"The region behind or south of the two converging ranges of low hills that come together just northwest of Uxmal is called the Puuc (Maya hilly country). During the eleventh and twelfth centuries, this section of Yucatan supported the densest population in the entire northern half of the Peninsula, a population which was gathered around many ceremonial centers, the most important of which was Uxmal...and the second largest, Kabah, located only nine miles southeast of Uxmal and connected therewith by a stone causeway. Kabah was doubtless a dependent city of the Xiu state, since it was so near the Xiu capital and, moreover, is connected with it by the causeway just mentioned.

The most interesting structure at Kabah is the so-called Palace of the Masks [Codz Poop], which is 151 feet long and contains ten handsome chambers arranged in two tiers of five each; the chambers of each pair are built one directly behind the other, with a single outside doorway for each pair. The exteriors of most Maya buildings...are usually devoid of sculptural decoration below the medial molding, while the often exceedingly rich and intricate mosaics are principally concentrated in the upper half of the façades. The Palace of the Masks, however, is different in this respect. It stands on a low platform, the face of which is decorated with a single row of mask panels; above this is a rich lower molding, surmounted by the lower half of the façade composed of three rows of mask panels running entirely across the front of the building. The medial molding of this building is perhaps the most ornate of any in Yucatan; above it, in the upper half of the façade, there are again three rows of mask panels, the top-most row being surmounted by a third and terminal molding. The effect of this lavishly sculptured façade is overwhelming, and the building itself is one of the handsomest examples of Puuc architecture that has come down to us.

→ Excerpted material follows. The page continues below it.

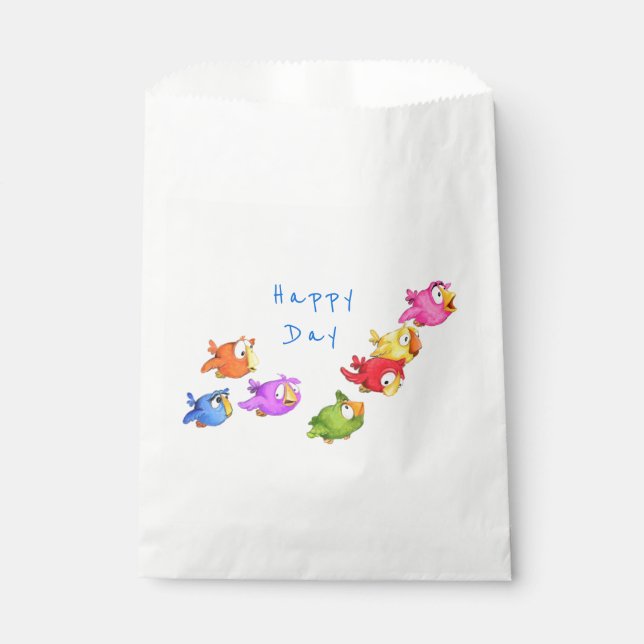 Sacs Favoris Oiseaux Volants Heureux - Texte perso (Devant)
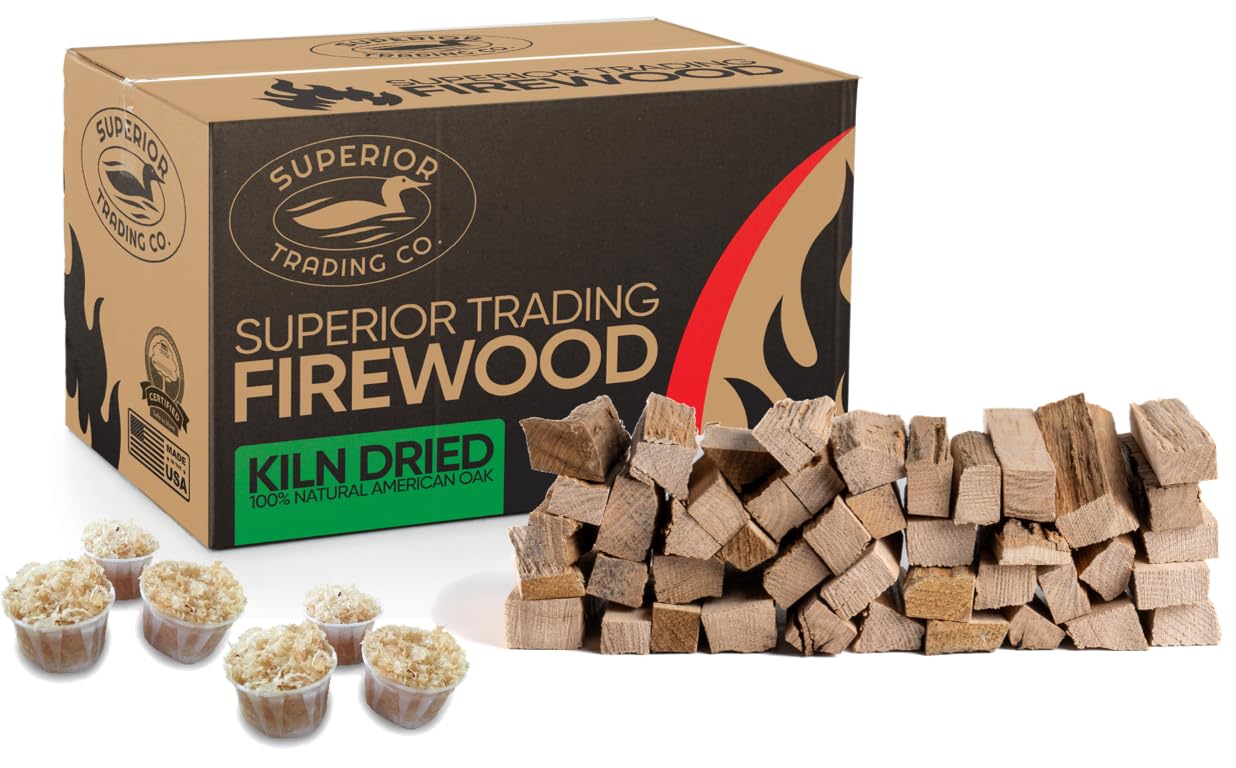 Superior Trading Oak Mini Fire Wood w/Fire Starter Pods, Winter Fireplace Starter, Wood Stove, USDA Cert 4-5” Kiln Dried Firewood, USA Made, 10-11 lbs in Plastic Storage Box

Another unique feature at Kabah is the stone arch. It stands disconnected from any other building at the beginning of the stone causeway leading to Uxmal, the arch having a span of fifteen feet. What was it? --a triumphal arch commemorating some long-forgotten Maya victory? Or, perhaps more likely, was it a formal gateway dedicated to some deity of the Maya pantheon? Who knows? All who could have told are gone, and these questions, like so many others, remain unanswered."